A Soviet Jewish physicist told a crowd of about 100 yesterday at MIT that people in the Soviet Union are so scared of the government they "stop being human beings."

Aleksandr Voronel lost his professorship and was severely harrassed by Soviet police when he applied for a visa to Israel in 1972.

Voronel and his wife Nina, a poet, were granted permission to emigrate to Israel this year in response to pressure on the Soviet government from American scientists and committees on Soviet Jewry.

Nina Voronel said yesterday the "only reason" her husband wasn't arrested when he applied for a visa is because of demonstrations in the United States.

"Soviet officials are very sensitive to public opinion abroad," Voronel said. "They want to look decent to the rest of the world."

Voronel was forced to resign from his position at the Soviet Academy of Sciences in Moscow and was further harrassed by a draft call for active duty despite his age (41 years) and a previous exemption due to a chronic back problem. The upper age limit for military service is 36.
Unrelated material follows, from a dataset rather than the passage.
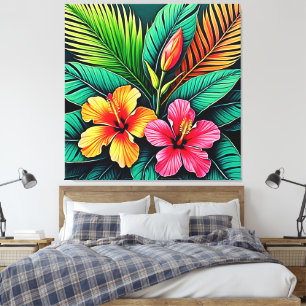 Colourful Feelings: Abstract Face Canvas Print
"You become a traitor and lose all your friends when you apply for a visa." Nina Voronel said, talking about the alienation of Soviet Jews from their fellow citizens and the rest of the world.

"You live in a cell where there is no news, no communication," she said. "We try to catch the voice of America which is hushed, hushed, hushed."

Shortly after his professional life was abruptly terminated. Voronel began holding weekly scientific seminars in his home. These were attended by colleagues who were similarly denied opportunity to work in their fields.